SWIG を使ってみよう! [第5回] ActivePerl 編(Windows版)2008年10月17日 01時56分59秒

SWIG を使って libnmz の様々なバインディングを作成してみましょう。 今回は Windows で nmz.dll を使うサンプルです。

UNIX 環境でも行った libnmz の nmz_get_version を呼び出す Perl バインディングを Windows 環境で動かしてみましょう。(ActivePerl)

nmz_get_version は、namazu/libnamazu.h に定義されています。

extern char *nmz_get_version();

この関数は libnmz の Namazu のバージョンを文字列で返す関数です。 (Namazu 2.0.13 以降利用可能です。libnmz のバージョンを返すわけではありません。)

今回はこれを Perl から呼び出す Perl バインディングを作成してみましょう。 (libnmz の Perl バインディングとしては Search-Namazu がありますが、現在の Search-Namazu は nmz_get_version に対応していません。)

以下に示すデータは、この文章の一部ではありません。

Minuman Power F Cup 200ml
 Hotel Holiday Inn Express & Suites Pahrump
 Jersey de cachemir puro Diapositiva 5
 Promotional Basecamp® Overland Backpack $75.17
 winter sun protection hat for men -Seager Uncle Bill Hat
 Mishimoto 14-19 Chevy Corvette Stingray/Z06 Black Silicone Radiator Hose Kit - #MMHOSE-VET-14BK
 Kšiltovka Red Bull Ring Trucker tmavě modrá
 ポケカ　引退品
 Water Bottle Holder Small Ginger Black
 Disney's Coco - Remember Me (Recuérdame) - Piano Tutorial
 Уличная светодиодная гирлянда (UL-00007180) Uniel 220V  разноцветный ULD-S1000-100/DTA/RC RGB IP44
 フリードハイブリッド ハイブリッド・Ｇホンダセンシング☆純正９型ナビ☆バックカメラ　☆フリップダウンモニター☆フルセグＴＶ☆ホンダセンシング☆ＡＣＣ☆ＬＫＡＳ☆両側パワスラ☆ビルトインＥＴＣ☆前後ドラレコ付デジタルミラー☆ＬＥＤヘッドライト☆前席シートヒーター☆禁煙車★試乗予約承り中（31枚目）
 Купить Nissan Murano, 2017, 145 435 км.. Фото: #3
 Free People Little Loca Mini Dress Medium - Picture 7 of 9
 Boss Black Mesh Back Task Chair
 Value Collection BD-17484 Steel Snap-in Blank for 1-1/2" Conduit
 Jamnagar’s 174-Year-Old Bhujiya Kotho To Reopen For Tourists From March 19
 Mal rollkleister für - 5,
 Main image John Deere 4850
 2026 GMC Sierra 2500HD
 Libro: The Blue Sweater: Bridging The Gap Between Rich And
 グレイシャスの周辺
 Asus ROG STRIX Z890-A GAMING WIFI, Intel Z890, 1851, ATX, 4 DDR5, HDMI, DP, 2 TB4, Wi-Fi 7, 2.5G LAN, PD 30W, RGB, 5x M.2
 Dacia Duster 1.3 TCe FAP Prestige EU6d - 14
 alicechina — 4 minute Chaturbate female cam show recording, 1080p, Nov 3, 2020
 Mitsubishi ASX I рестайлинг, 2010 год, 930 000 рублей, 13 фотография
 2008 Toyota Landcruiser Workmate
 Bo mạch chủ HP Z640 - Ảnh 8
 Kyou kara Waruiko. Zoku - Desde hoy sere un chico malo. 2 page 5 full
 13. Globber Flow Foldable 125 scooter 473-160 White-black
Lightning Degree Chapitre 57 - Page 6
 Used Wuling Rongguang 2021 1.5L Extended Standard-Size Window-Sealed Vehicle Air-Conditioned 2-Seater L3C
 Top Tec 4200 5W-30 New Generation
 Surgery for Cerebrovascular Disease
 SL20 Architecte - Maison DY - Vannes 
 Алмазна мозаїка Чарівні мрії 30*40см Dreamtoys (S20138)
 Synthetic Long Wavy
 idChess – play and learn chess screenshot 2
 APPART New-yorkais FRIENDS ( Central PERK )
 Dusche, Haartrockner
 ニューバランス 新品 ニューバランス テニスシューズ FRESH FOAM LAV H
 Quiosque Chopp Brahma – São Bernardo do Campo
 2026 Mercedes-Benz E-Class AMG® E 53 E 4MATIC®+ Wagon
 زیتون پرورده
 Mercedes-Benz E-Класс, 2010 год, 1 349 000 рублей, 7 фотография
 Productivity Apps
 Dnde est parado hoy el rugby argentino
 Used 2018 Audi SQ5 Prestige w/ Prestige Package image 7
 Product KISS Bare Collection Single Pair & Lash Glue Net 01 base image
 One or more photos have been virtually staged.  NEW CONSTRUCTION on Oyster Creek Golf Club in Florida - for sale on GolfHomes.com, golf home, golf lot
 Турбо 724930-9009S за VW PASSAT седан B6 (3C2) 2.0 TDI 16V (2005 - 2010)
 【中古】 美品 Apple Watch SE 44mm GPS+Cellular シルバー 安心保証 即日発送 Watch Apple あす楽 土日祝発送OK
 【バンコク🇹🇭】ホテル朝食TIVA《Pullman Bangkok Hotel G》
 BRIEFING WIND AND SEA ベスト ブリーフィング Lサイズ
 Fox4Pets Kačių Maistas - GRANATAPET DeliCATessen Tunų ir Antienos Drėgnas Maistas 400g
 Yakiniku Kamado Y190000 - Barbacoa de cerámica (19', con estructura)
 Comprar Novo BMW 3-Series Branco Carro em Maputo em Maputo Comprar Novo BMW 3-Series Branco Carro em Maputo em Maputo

モジュール名を決めます。ここでは Sample というモジュール名にします。 SWIG 用インターフェイスファイルを Sample.i という名前で作成します。

%module Sample
%{
#include "namazu/libnamazu.h"
%}
char *nmz_get_version();

swig コマンドを使ってラッパ用コードを生成します。

C:\> swig -perl5 Sample.i

実行すると Sample_wrap.c が生成されます。

次に Perl 用モジュールを作成するために Makefile.PL を用意します。

use ExtUtils::MakeMaker;
WriteMakefile(
    'NAME'   => 'Sample',
    'INC'    => '-IC:/namazu/include',
    'LIBS'   => '-LC:/namazu/lib -lnmz',
    'OBJECT' => 'Sample_wrap.obj'
);

Makefile.PL から Makefile を作成します。

C:\> perl Makefile.PL

コマンドラインでコンパイルを行うため vsvars32.bat を実行します。

C:\> "\Program Files\Microsoft Visual Studio 8\VC\bin\vsvars32.bat"

nmake を実行します。

C:\> nmake

Sample モジュール(Perl バインディング)が作成されました。

インストールして使うこともできますが、ここではカレントディレクトリにコピーして使ってみましょう。

C:\> copy blib/arch/auto/Sample/Sample.dll .

Sample モジュールを呼び出す Perl プログラム main.pl を作成します。

#!/usr/bin/perl

use Sample;

print Sample::nmz_get_version() . "\n";

このプログラムは nmz_get_version の値を表示するだけの単純なプログラムです。 実行すると、Namazu のバージョンが表示されます。

C:\> perl main.pl
2.0.18

非常に簡単な例ですが、SWIG を使って libnmz(nmz.dll) を Perl から利用する方法をしめしました。他の関数も同様に呼び出すことが可能です。いろいろと工夫してみてください。ここでは Perl を使いましたが Java 等の SWIG がサポートしている他の言語から利用することもできます。

[お断り]

  • SWIG Version 1.3.36 を使用しました。
  • ActivePerl ビルド 800番台 を使用しました。
  • Namazu 2.0.18 を使用しました。(libnmz2.0.18.003-win32.zip に含まれる nmz.dll を使用)
  • Visual C++ 2005 SP1 を使用しました。
  • libnmz は GPL ライセンスです。libnmz を動的であれ、静的であれリンクして使用するプログラムは GPL ライセンスと矛盾しないライセンスである必要があります。
  • SWIG を用いて作成した Sample モジュールは nmz.dll をリンクしますので、GPL ラインセンスとして公開します。
  • Sample モジュールは GPL ライセンスですので、Sample モジュールを利用するプログラムは GPL ライセンスと矛盾しないライセンスでなければなりません。ご注意ください。